Dans le golfe du Bengale et pour ainsi dire en face de Tenasserim se montre un groupe d’îles, rarement explorées, qui gît à peu de distance de la côte. Les Andamans sont compris entre 10° 32′ de latitude sud et 13° 40′ de latitude nord. L’île la plus considérable, qu’on désigne sous le nom du Grand-Andaman, peut avoir environ 140 milles anglais de longueur. Sa largeur est de 20 milles.

C’est à tort que l’on a considéré cette longue bande de terre comme une seule île ; des canaux fort distincts la divisent en trois sections et en font trois îles différentes. Une montagne d’aspect pittoresque, que les Anglais ont appelée Saddle-Peack et qui n’a pas moins de 2 400 pieds de haut, signale de loin cette terre aux navigateurs. On a la certitude qu’elle est d’origine volcanique et que des volcans y sont encore en état d’ignition, car on possède à Paris des échantillons de lave envoyés récemment par le jeune voyageur auquel nous devons les photographies reproduites dans ce recueil.
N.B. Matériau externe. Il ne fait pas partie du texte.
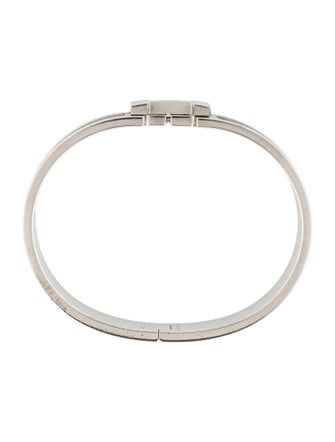 Hermès Clic HH Bangle Bracelet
L’île qui gît plus au sud et que l’on appelle le Petit-Andaman, n’a guère plus de 28 milles de long sur 17 milles de large. Une absence complète de cours d’eau la rend bien moins importante aux yeux des Anglais que la terre voisine où l’on en rencontre plusieurs.

Comme toutes les autres îles des mers de l’Inde, les îles Andamans sont couvertes d’une végétation luxuriante. On y distingue, entre autres espèces de bois précieux, l’ébène, le Pterocarpus Dahlbergioides ou bois rouge, des bambousiers, et des rotins de diverses espèces donnant une singulière élégance aux forêts qui parent la côte.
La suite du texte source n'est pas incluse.